The science behind this child-rearing phenomena has been thoroughly explained in the Expat Since Birth blog by Ute Limacher-Riebold, a mother of three multilingual children, PhD in French medieval literature & linguistics and Master in Bilingualism.

Here are excerpts from Miss Ute’s blog post, “How Many Languages Can A Child Learn?”,

Early exposure to languages is ideal

Laura-Ann Petitto: a developmental cognitive neuroscientist, known for her discoveries involving languages

“The task of acquiring a language later in life, when we’ve already acquired our first language (and learned it at school) is a different, much harder task,” she says on her blog.  Ute quoted Laura-Ann Petitto, a developmental cognitive neuroscientist and Language Professor at the University of Toronto, that “if children are exposed to languages later in life, different parts of the brain are involved because ‘the part of the brain that is responsible for processing language is on a maturational timetable.”

She further quoted Petitto that “early exposure is necessary for good syntactic competence, (and) for really good phonological competence.”

How much exposure?

Many people wonder about the quantity of time someone should talk a language – or more than one – per day.
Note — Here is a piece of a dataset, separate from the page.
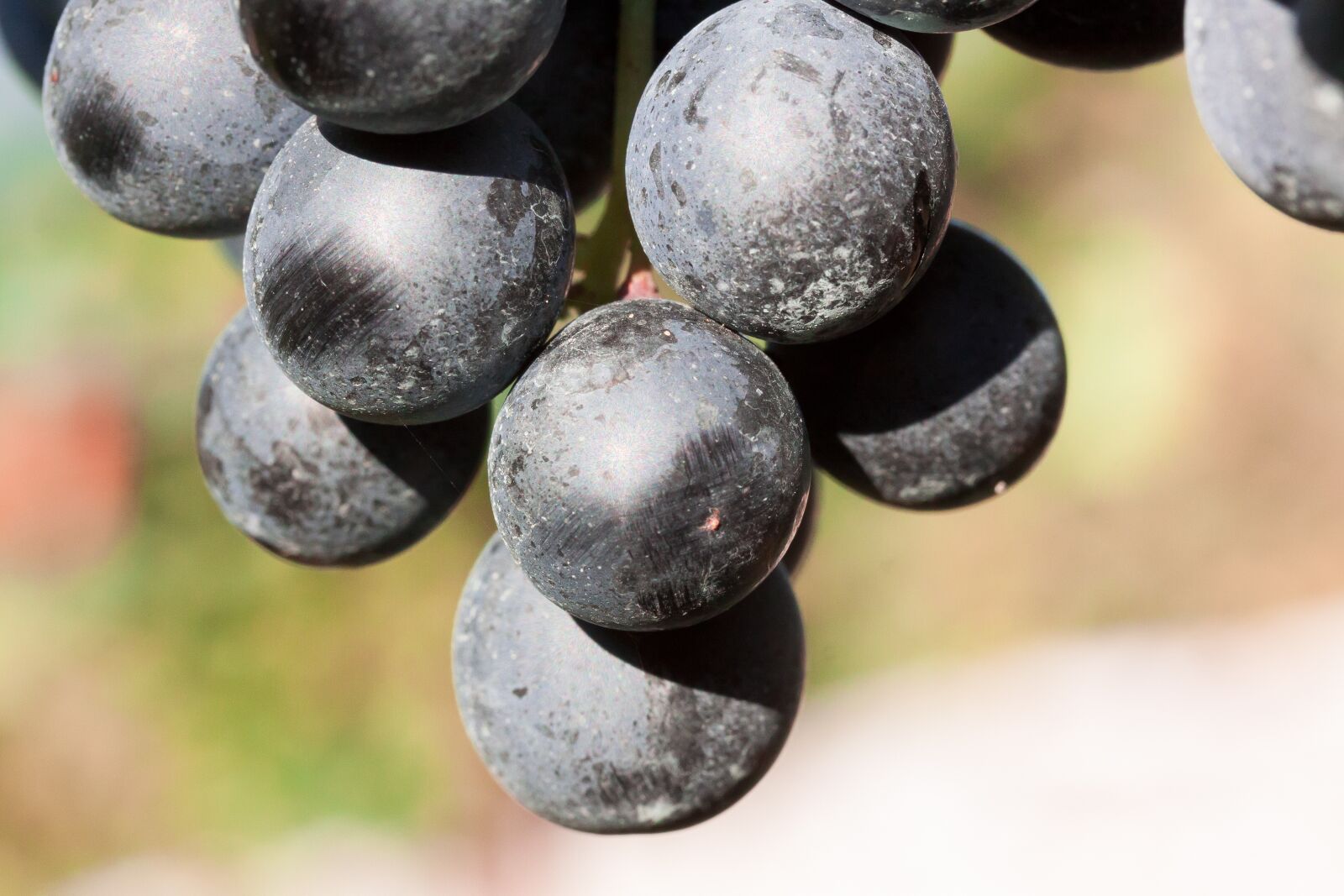 Canon EOS 50D sample photo. Wine, grape, wine harvest photography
There is no fixed amount of time, it really depends on how fluent you want your child to be. While many people throw around a 20% of time statistic, apparently, the human brain doesn’t work on quantity but on quality. 

She quoted Petitto that “regular systematical exposure is more important than the amount of time of the exposure.” Exposure to “stable users across different contexts which are rich and varied’ will help a child to reach fluency.”
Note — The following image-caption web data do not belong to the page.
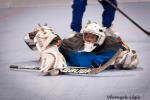 Photo hockey reportage Mondial Roller : Retour Vidéo sur le sacre des Bleuets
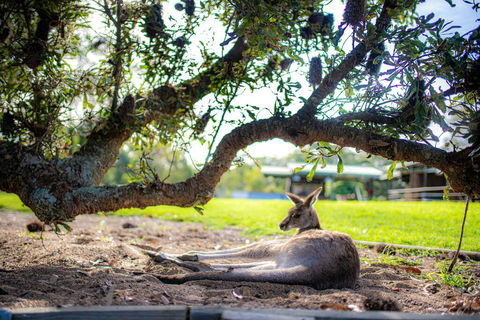 Waterfall Springs Retreat - Accommodation Redcliffe 1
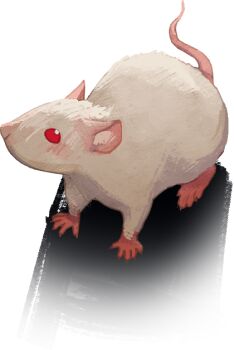 Rule 34 | angela he, animal focus, full body, head tilt, looking at viewer, mouse (animal), no humans, non-web source, official art, red eyes, shadow, stop burying me alive beautiful!, transparent background, white fur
“Exposure at school only is not enough to become utterly fluent. It has to be enriched by ‘cultural material, linguistic material, movies., etc’ also outside the schooldays.” Petitto added.

Do all children have the same ability?

The brain is not biologically set to learn only one language. “While our minds are prepared to make everybody a competent speaker of a language that is in the environment without additional effort, that’s not always the case. Some [will find this fun and exciting and some will find it more effortful”.

Do multilinguals know less vocabulary than monolinguals?

Ute writes, “Don’t worry about the vocabulary a child has in one of the languages he is acquiring. Usually, multilingual children are a bit “behind” their monolingual peers, but this doesn’t mean that they’ll never catch up.”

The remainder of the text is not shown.